Synopsis: George Khan is a Pakistani fish and chip shop owner in Salford, Manchester in the 1970's. A staunch Muslim who lives out is faith's patriarchal credo he tries in vain to impose his will on his wife and 6 children with little effect other than to alienate them. Having already tried to marry off his eldest son with disastrous results he embarks on the double betrothal of his next two sons with predictable results.

If the essence of humour is incongruity, small wonder that the British are so good at it. The class system has encouraged a split in the national psyche between diffidence and bombast, subservience and domination and whether one is victim or perpetrator depends only on the fall of circumstances. East is East works its incongruities well - Pakistanis living and working in the heartland of the English working class, a staunch Muslim and his lax Christian wife, a rabidly conservative father battling a burgeoning permissive youth culture.

From the opening scenes I feared that I was about to be subjected to the cod-awful sentimentalism of The Full Monty or Brassed Off but despite having fun with expatriate Pakistani culture, this film offers considerably more than a neat run-through of head-wagging sub-continental stereotypes. Like Muriel's Wedding, East is East takes family dysfunctionality and, albeit somewhat questionably, turns the pain experienced into laughter. Unlike the former however, and though it has been marketed as a comedy, East is East is more willing to show the suffering and the final confrontations between George and his family pull no punches, so to speak.

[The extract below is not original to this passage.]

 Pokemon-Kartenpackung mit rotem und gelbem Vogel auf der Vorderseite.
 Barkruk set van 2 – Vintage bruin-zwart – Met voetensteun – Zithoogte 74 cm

Credit for the quality of this film must go to both the screenplay by Ayub Khan-Din, who developed it from his stage play, and the director O'Donnell. There is no doubt a good deal of autobiographical experience lying behind the story and characters, one feels that the writer's blood is mixed with the ink and that if the genre chosen is "light", the comedy here is a more catharsis than entertainment. O'Donnell does a fine job of directing, which though stylistically "Modern British", keeps the images fresh without resorting to excessive gimmcry. Production and costume design is excellent, the soundtrack is jauntily appealing and the cast all do a fine job of making this well-crafted low budget film work.